Hey community, I want to automatically push new data to BigQuery from Google sheets and save each day, instead of linking google sheets as an external table.How can I do?
Here are the steps to automatically transfer new data from Google Sheets to BigQuery daily without using an external table link:
Google Cloud Project Setup
Cloud Function for Data Transfer
import pandas as pd
from google.cloud import bigquery
import gspread
def transfer_data(event, context):
# Authenticate with Google Sheets
gc = gspread.service_account()
# Extract data from Google Sheets
sheet_id = 'YOUR_SHEET_ID'
range_name = 'YOUR_RANGE_NAME'
sheet = gc.open_by_key(sheet_id).worksheet(range_name)
data = sheet.get_all_values()
# Convert data to DataFrame
df = pd.DataFrame(data[1:], columns=data[0])
# Load data to BigQuery
client = bigquery.Client()
project = 'YOUR_PROJECT_ID'
dataset_id = 'YOUR_DATASET_ID'
table_id = 'YOUR_TABLE_ID'
job_config = bigquery.LoadJobConfig()
job_config.source_format = bigquery.SourceFormat.CSV
job_config.write_disposition = bigquery.WriteDisposition.WRITE_APPEND
load_job = client.load_table_from_dataframe(df, f'{project}.{dataset_id}.{table_id}', job_config=job_config)

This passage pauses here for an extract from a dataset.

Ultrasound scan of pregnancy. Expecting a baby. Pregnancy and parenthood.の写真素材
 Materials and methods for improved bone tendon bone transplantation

# Wait for the load job to complete
load_job.result()
# Raises an exception if the load fails
Schedule with Cloud Scheduler
{
"name": "transfer-data-daily",
"schedule": "0 0 * * *", // Runs daily at 12:00 AM UTC
"target": {
"httpMethod": "POST",
"url": "https://us-central1-<project-id>.cloudfunctions.net/transfer-data"
}
}